Let's say I have two sites, site1.org and site2.org. Besides my htdig.conf, I have site1.conf and site2.conf. You could actually call the files whatever you want -- 1.conf, 2.conf etc. In the htdig.conf I just put the options related to the search indexing, like the factor definitions:
backlink_factor: 0
description_factor: 200
keywords_factor: 300
meta_description_factor: 500
title_factor: 1000
and other options specific to the indexing, like the start URL (put all URLs here):
start_url: http://www.site1.org/ http://www.site2.org/
the limit:
limit_urls_to: ${start_url}
and the exclude URLs:
exclude_urls: /cgi-bin/ .cgi printerfriendly=1 /other/things/
Note that the exclude URLs will be applied to all sites indexed since we're using this method. So if there are different exclusion rules for each site, whichever rules you use will be applied to all the other sites as well. If you want /cgi-bin/ indexed on one site but not another, then as far as I can tell that's not possible with this method.
..And all the other settings related to indexing.
Ok, that's step one -- setting up the unique .conf files for each site.
Then, in each of the files, you can also insert lines like these:
search_results_header: /home/myaccount/html/www.site1.org/htdig/html_files/header.html
search_results_footer: /home/myaccount/html/www.site1.org/htdig/html_files/footer.html
#search_results_wrapper: /home/myaccount/html/www.site1.org/htdig/html_files/wrapper.html
nothing_found_file: /home/myaccount/html/www.site1.org/htdig/html_files/nomatch.html
syntax_error_file: /home/myaccount/html/www.site1.org/htdig/html_files/syntax.html
...Changing the locations to point to wherever you are keeping your HTML template files. I put the # before the wrapper because I don't use it.
Now you can set up all the HTML templates for each site, wherever you want really since they are accessed by the script and thus don't need to be in any web-accessible areas, though that's how I've done it in my sample code above.
Last step is to set up the search itself. Wherever you have a search form on all the sites, make sure you include the CONFIG and RESTRICT options as hidden variables like this:
<input type="hidden" name="config" value="site1">
<input type="hidden" name="restrict" value="site1.org">
That should do it. If you have any questions just ask.
-Mike
At 09:34 AM 2/4/2004 -0800, you wrote:
Hello;
Forgive me if this has been covered, but the Search "This mailing list" field doesn't give me any returns.
We have three intranet sites on one Linux/Apache server, all with their root folder under /var/www/. Each site has a unique look and I've got htdig working fine on one of them using it's site layout via the wrapper, long, short, etc. files in a folder within the site.
How can I use htdig to work on all three sites? Because of the different looks (and probable differences in htdig.conf tweaks), I'll need to use different template html pages and a different htdig.conf for each site.
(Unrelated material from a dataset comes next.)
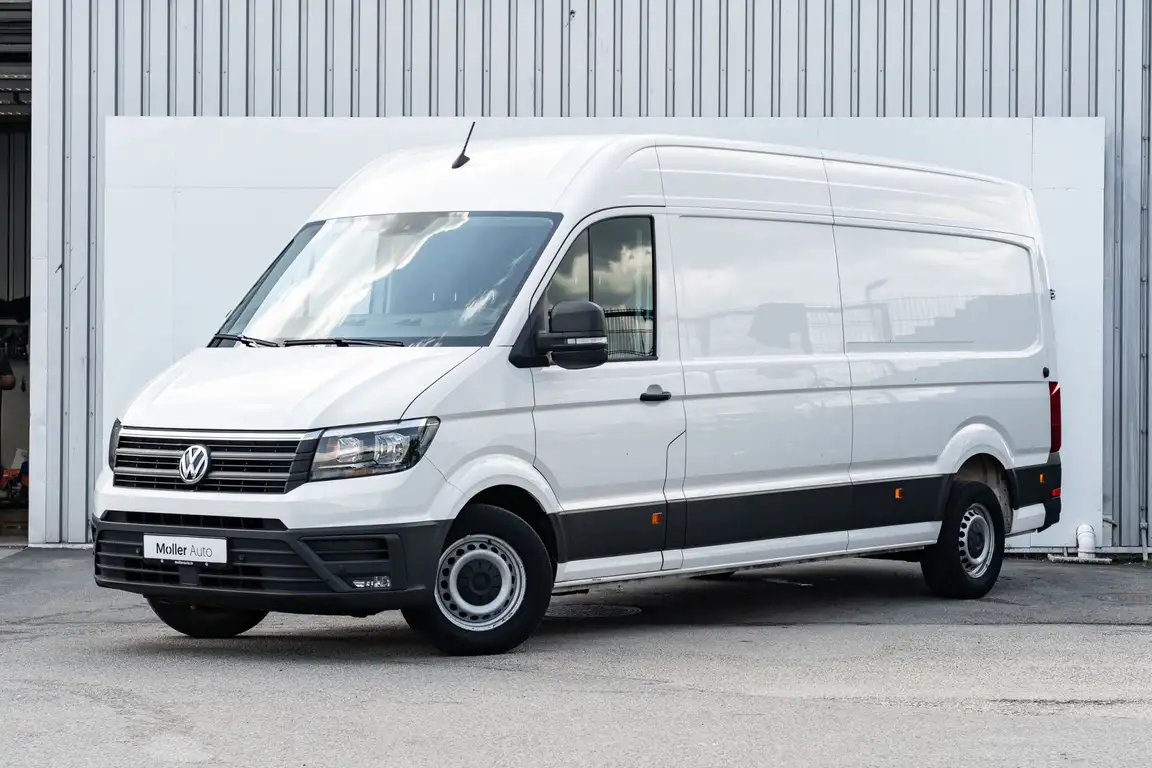 VOLKSWAGEN CRAFTER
Thanks! David Richards Intranet Development FedEx Freight System (408) 323-4036
********************************************************** This message contains information that is confidential and proprietary to FedEx Freight or its affiliates. It is intended only for the recipient named and for the express purpose(s) described therein. Any other use is prohibited. ****************************************************************
------------------------------------------------------- The SF.Net email is sponsored by EclipseCon 2004 Premiere Conference on Open Tools Development and Integration See the breadth of Eclipse activity. February 3-5 in Anaheim, CA. http://www.eclipsecon.org/osdn _______________________________________________ ht://Dig general mailing list: <[EMAIL PROTECTED]> ht://Dig FAQ: http://htdig.sourceforge.net/FAQ.html List information (subscribe/unsubscribe, etc.) https://lists.sourceforge.net/lists/listinfo/htdig-general
What is THE MEATRIX? www.themeatrix.com
Mike Flynn, Web Developer GRACE - www.gracelinks.org | [EMAIL PROTECTED]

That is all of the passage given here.